In my decades-long (sigh!) experience in programming, one of the main problems is the gradual slowdown of systems caused by the growth of their databases over time.
Often this is due to inexperience, for the first years we are too concentrated on obtaining a working system and we ignore performance until we have to continuously work on the same project for enough years that we need to maintain it.
At that point we understand by touching it (or better, by bumping into it) the importance of database. When we first start to use queries, we just try to get the correct data. As long as we only work with test data or in the first stage of a production project this is just enough, but when records in tables begin to become ten of thousands or more, systems start to slowdown. It is only after first crashes of servers, or first emergency interventions on applications, that we finally start to think in advance to these problems.

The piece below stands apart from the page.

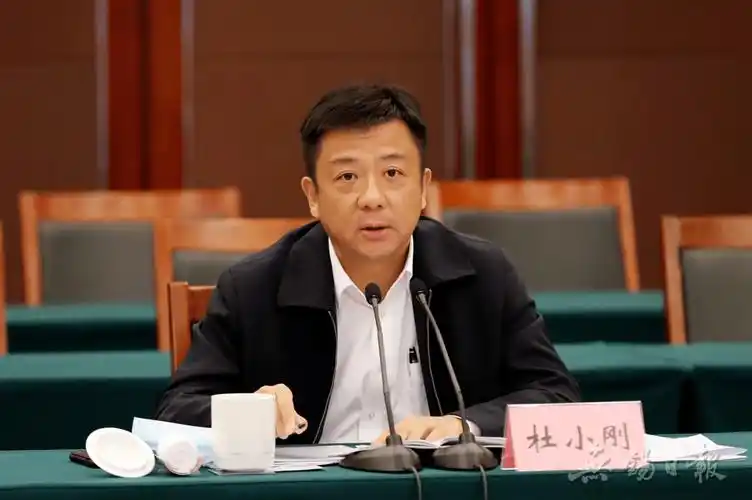 杜小刚视频连线宜兴市疫情防控应急指挥部等地以最严态度最实举措打赢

Unfortunately the projects that gave us this expertise don’t have a database friendly behaviour and – still worst – they are already in production. In these cases we need to optimize them with a performance review. In this article I try to give some good cue about this topic.
This topic belongs to the code optimization serie.
Database and performance
Before start the main topic, let’s recall some useful notions related to good performance in databases. We assume as already known the basic definitions like relational database, table, column, primary key.
Indexes
A table is a list of records usually ordered by its primary key. An index is a separate data structure containing a small subset of the original columns, and ordered in a different way, to allow faster lookups.
For example, consider a table containing sales orders with fields such as date, total amount, and customer. The primary key is usually an integer ID for performance reasons. However, in real-world scenarios, we often need to retrieve orders by date, customer, status, or other fields. Without an index, the database would need to scan the entire table each time.
Indexes solve this problem by allowing the database engine to locate relevant rows efficiently, avoiding full table scans.
Note that JOIN and WHERE are more efficient if they use fields contained in one index. Vice versa aggregation function like DATE(), LOWER() etc. can prevent the usage of an index also if performed on indexed columns.
Precomputate frequent aggregations
Continuing with the previous sales example, a typical use case is to determine the total amount payed by each customer. Often this is a statistics showed in the initial dashboard, but dynamically compute it can be heavy, especially as the order table grows. This is why sometimes precomputes specific data can be a clever idea.
It is probably better to spend 100 ms at each order to update the total amount of a customer that minutes computing them each day.
Early filtering
Compare this query:
SELECT *
FROM orders o
JOIN customers c ON o.customer_id = c.id
WHERE c.country = 'NL';
with this one:
SELECT *
FROM customers c
JOIN orders o ON o.customer_id = c.id
WHERE c.country = 'NL';
They seem the same, but while the former first computes all the results of orders JOIN customers and then filters them, the second first filters dutch customers and then combines them with orders, working potentially with much less records.
Selecting only needed fields
Some tables have a lot of fields, orders and customers are usually among these. If we always select data with SELECT * “just in case in future we need other fields”, we are slowing the execution potentially of a big factor.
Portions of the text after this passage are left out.